THU, APR 24, 2014 at 9:45 AM Robert Corbin v. State of Indiana FP Granted
THU, APR 24, 2014 at 9:00 AM Curtis Sample v. State of Indiana NFP Granted
THU, APR 10, 2014 at 10:30 AM Nick McIlquham v. State of Indiana FP Granted
THU, APR 3, 2014 at 9:45 AM Phillip J. Griffin v. State of Indiana FP Granted
THU, APR 3, 2014 at 9:00 AM Keion Gaddie v. State of Indiana FP Granted
THU, MAR 20, 2014 at 10:30 AM Matter of C.H.; J.E. v. L.H. NFP* Granted
THU, MAR 20, 2014 at 9:45 AM Detona Sargent v. State of Indiana (civil) FP Granted
THU, MAR 20, 2014 at 9:00 AM Randy L. Knapp v. State of Indiana Direct appeal (LWOP)
THU, MAR 13, 2014 at 10:30 AM Paternity of I.B., K.H. v. L.B. NFP* Pending
THU, MAR 13, 2014 at 9:45 AM Michael E. Lyons, et al. v. Richmond Community School Corporation, et al. FP Granted
THU, MAR 13, 2014 at 9:00 AM Mayor Gregory Ballard v. Maggie Lewis, et al. Direct appeal 56(A)
THU, FEB 13, 2014 at 10:30 AM Kenyatta Erkins and Ugbe Ojile v. State of Indiana FP Granted
THU, FEB 13, 2014 at 9:45 AM Christopher Cross v. State of Indiana FP Granted
THU, FEB 13, 2014 at 9:00 AM William Eisele v. State of Indiana NFP Pending
*Motion to publish denied

Two of the fourteen cases are direct appeals. Ballard v. Lewis is the Marion County City-County Council redistricting case in which the Court granted emergency transfer under Appellate Rule 56(A). Knapp v. State is a life without parole case, which is a direct appeal to the Supreme Court under Appellate Rule 4(A)(1)(a).

Of the remaining twelve transfer cases, one-third (4/12) involve unpublished opinions from the Court of Appeals. Interestingly, in two of those cases the losing party (Appellant) filed a motion to publish with the Court of Appeals, which was denied.

The earlier practice of scheduling oral argument to decide whether to grant appears to be declining. Less than 17% (2/12) of the transfer cases involve pending petitions to transfer.

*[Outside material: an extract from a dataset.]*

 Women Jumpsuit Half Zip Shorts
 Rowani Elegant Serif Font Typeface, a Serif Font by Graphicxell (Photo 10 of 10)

Finally, almost 65% (9/14) of the arguments are in criminal cases. The three criminal cases argued on February 13 were scheduled for oral argument on fairly short notice. (The two cases that had previously been scheduled for oral argument on February 13 were removed from the calendar; one was continued, and the Court dismissed the petition in the other upon the request of the Appellant.) The order in Erkins/Ojile was issued January 16, and the orders in Eisele and Cross were issued on February 4. As counsel in one of those cases, I can report that the court administrator calls and secures counsels’ consent before scheduling oral argument with less than a month’s notice.